— WHAT YOU NEED TO DO —
Give back the exact lines of the material below from the one containing "Uray store Apple" through the one containing "How to construct", and no pictures.

— AVAILABLE DATA —
···

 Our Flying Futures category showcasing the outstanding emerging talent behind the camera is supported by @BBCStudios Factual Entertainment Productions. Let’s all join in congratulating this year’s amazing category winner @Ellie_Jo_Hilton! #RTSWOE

···

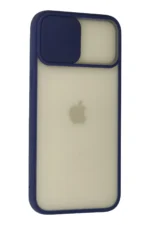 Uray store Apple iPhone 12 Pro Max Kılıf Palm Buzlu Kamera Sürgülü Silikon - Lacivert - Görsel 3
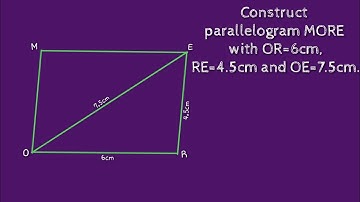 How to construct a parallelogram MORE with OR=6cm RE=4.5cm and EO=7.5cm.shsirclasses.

···

— YOUR RESPONSE —
 Uray store Apple iPhone 12 Pro Max Kılıf Palm Buzlu Kamera Sürgülü Silikon - Lacivert - Görsel 3
 How to construct a parallelogram MORE with OR=6cm RE=4.5cm and EO=7.5cm.shsirclasses.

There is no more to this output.